Given records:
◆ ◆ ◆ ◆ ◆ ◆ ◆

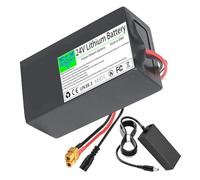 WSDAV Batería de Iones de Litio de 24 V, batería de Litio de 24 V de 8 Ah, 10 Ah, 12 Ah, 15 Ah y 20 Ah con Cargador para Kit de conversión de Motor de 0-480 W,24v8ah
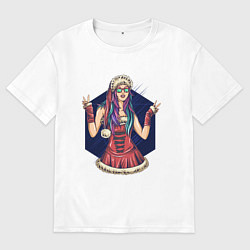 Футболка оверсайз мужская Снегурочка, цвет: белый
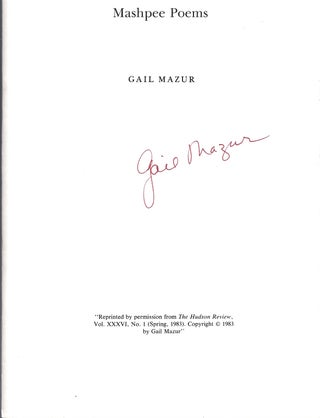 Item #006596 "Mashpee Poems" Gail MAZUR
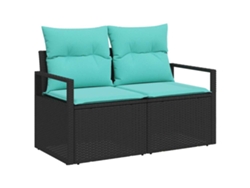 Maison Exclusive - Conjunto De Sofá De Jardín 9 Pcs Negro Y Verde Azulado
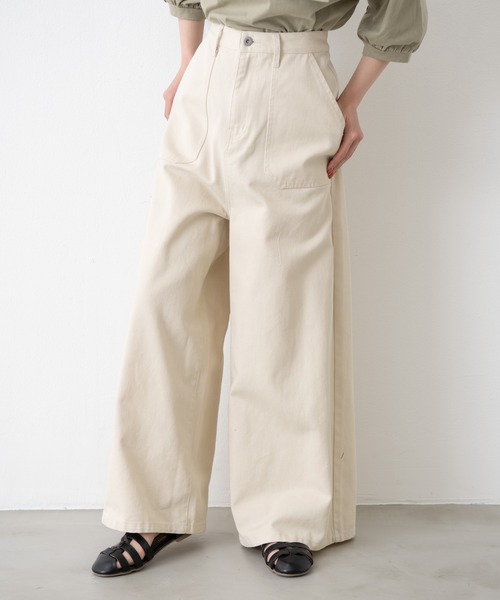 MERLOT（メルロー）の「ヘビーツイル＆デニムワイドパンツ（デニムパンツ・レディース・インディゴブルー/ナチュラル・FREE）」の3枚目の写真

◆ ◆ ◆ ◆ ◆ ◆ ◆

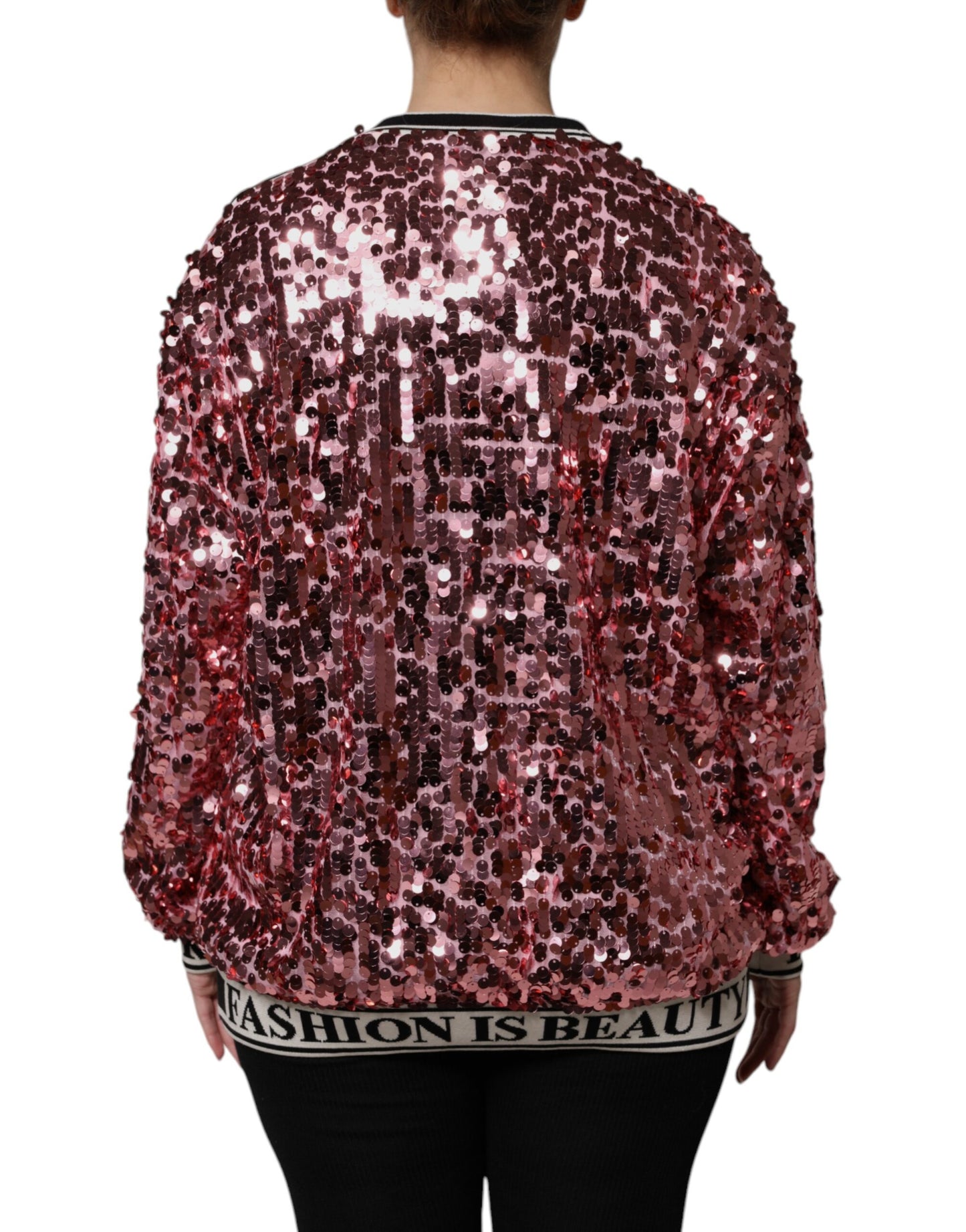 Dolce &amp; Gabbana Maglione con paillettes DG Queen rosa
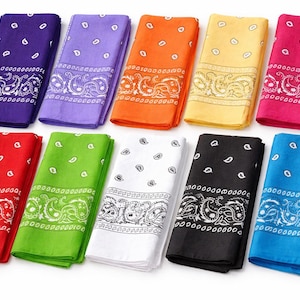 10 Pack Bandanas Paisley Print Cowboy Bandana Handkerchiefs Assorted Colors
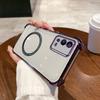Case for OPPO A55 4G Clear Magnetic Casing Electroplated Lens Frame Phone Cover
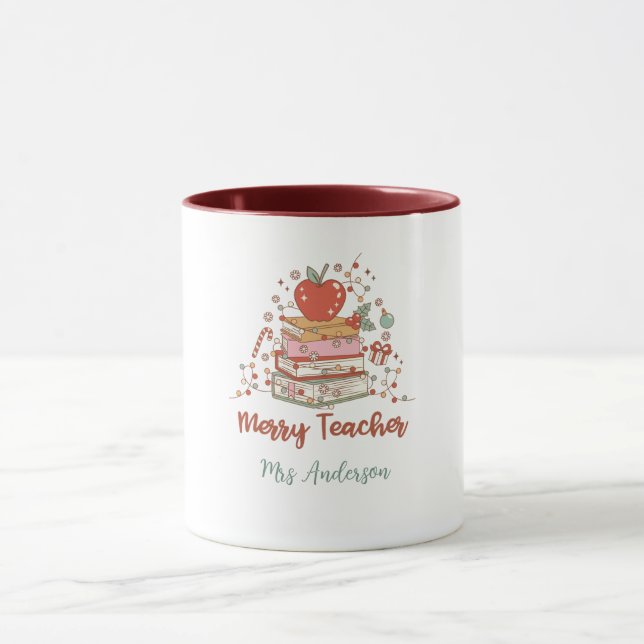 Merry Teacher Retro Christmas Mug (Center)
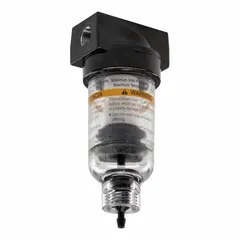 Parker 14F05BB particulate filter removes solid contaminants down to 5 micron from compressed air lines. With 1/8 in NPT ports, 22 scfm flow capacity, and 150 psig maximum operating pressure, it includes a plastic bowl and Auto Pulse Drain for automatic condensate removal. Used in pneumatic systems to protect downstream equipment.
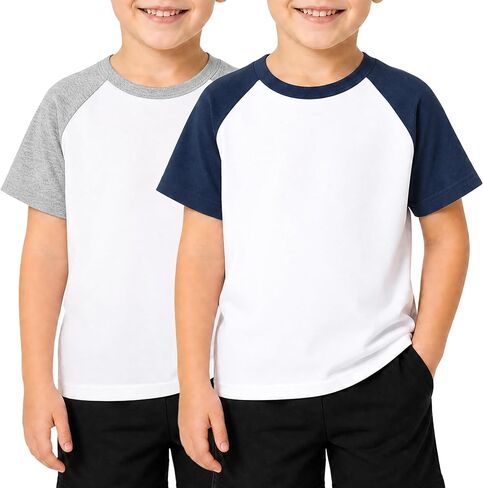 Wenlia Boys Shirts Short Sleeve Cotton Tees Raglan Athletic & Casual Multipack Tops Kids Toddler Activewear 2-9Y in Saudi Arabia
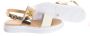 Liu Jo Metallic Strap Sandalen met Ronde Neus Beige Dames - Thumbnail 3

◆ ◆ ◆ ◆ ◆ ◆ ◆

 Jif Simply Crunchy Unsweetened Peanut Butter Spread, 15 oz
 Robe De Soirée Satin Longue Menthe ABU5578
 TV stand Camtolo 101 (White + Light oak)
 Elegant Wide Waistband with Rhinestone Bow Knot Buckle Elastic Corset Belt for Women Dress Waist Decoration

◆ ◆ ◆ ◆ ◆ ◆ ◆

Work to be completed: Return the material from the line containing "WSDAV Batería de" through the line containing "MERLOT（メルロー）の「", exactly and in full, but without its pictures.

Task result:
 WSDAV Batería de Iones de Litio de 24 V, batería de Litio de 24 V de 8 Ah, 10 Ah, 12 Ah, 15 Ah y 20 Ah con Cargador para Kit de conversión de Motor de 0-480 W,24v8ah
 Футболка оверсайз мужская Снегурочка, цвет: белый
 Item #006596 "Mashpee Poems" Gail MAZUR
 Maison Exclusive - Conjunto De Sofá De Jardín 9 Pcs Negro Y Verde Azulado
 MERLOT（メルロー）の「ヘビーツイル＆デニムワイドパンツ（デニムパンツ・レディース・インディゴブルー/ナチュラル・FREE）」の3枚目の写真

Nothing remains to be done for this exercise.